Failure to submit required environmental reports can be financially consequential, not to mention the potential public relations challenges associated with an environmental violation.  These violations can occur at small/medium-sized companies with no or limited environmental staff and large companies with more robust support.

Historically, the United States Environmental Protection Agency (USEPA) “enforced” environmental compliance with fines and penalties.  Six- and seven-figure fines were not uncommon.

But the trend for enforcement over the past several years has changed dramatically.   

Long-Term Downward Trend in Environmental Inspections

Observed federal trends relating to environmental enforcement date back several years. According to data from the USEPA, there has been a steady decline in Federal inspections (conducted by EPA) since 2012. For example, in 2012, there were 20,077 inspections, and in 2018, that number was nearly cut in half to 10,612 inspections.

Long-term trend continues to show a decline in enforcement case initiations and conclusions (Source and Credit USEPA).

Likewise, civil enforcement has shown a steady decline dating back to 2008.  In fiscal year (FY) 2008 total “civil enforcement initiatives and conclusions” were around 3,700. In FY 2018, this number was cut in half to 1,800.

Self-Disclosure Increases

Voluntary disclosures, on the other hand, have increased markedly.  In FY 2015, there were 289 (at 666 facilities) voluntary disclosures.  In 2018, that number had risen to 532 (at 1,561 facilities).  The EPA states, “In the nearly three years since launching eDisclosure, EPA has seen about a 74% increase in the number of annual self‐disclosures as compared to the two years prior to its launch.”

See our October Environmental Compliance Tip for more information on self disclosure. Also, see The EPA’s Policy Statement on Civil Enforcement and Compliance.


Stakeholder Pressure

For many companies, the driver for compliance, sustainability, and corporate stewardship is not regulatory but rather part of their mission statement and part of their corporate messaging.  Some mutual funds only invest in companies with a strong commitment to sustainability (e.g., Brown Advisory Sustainable Growth Fund).  Will social pressure, monetary pressure, or stakeholder pressure drive environmental compliance for companies in the future?  Further, will we continue to see a move away from federal “command-and-control” in favor of states and market pressures?

Voluntary disclosure show dramatic increase (Source and Credit USEPA).

Environmental Regulators Can and Will Enforce

With the above said, regulators have not abandoned the notion of environmental enforcement.  Case in point was the recent settlement with Rust-Oleum in Maryland. According to one report, “Inspectors from the EPA (Environmental Protection Agency) and the MDE (Maryland Department of the Environment) identified numerous monitoring, record-keeping and hazardous-waste storage violations during an inspection.”  Though it appears there was no release, the result was a $168,000 fine.

Making Environmental Compliance a Priority

If the “aim” is environmental compliance, then the increase in self disclosure is certainly good news.  If I were to venture a guess at the demographics (and this is only a guess), I would bet that those taking advantage the of self-disclosure policy are more seasoned, savvy environmental professionals who understand the benefits of this program…and may have a few battle scars from previous enforcement efforts.

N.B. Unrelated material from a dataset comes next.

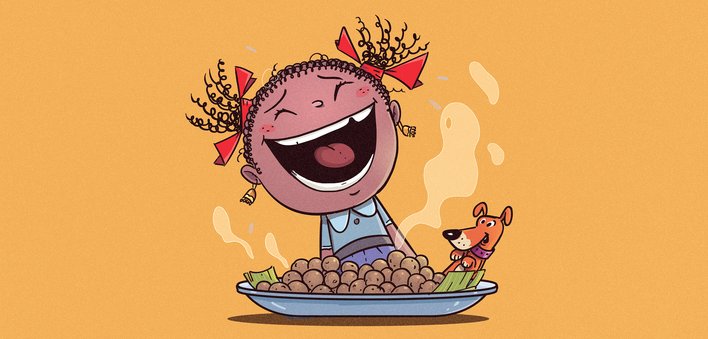 Girl laughing at her food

We encourage our clients to make periodic environmental compliance assessments a priority for several reasons:  state and federal regulations change, threshold reporting requirements change, production and chemical use changes, etc.  In other words, environmental compliance is a moving target.

A Word of Caution

While federal enforcement is certainly trending downward, we caution against complacency, and we also suggest you pay particular attention to state inspection/enforcement trends.

Over the years, we have helped our clients assess, and in many cases discover, potentially-significant, missed reporting/planning issues.  In a majority of these instances, our client was able to self disclose (with legal counsel) and avoid what could have been six- or seven-figure fines.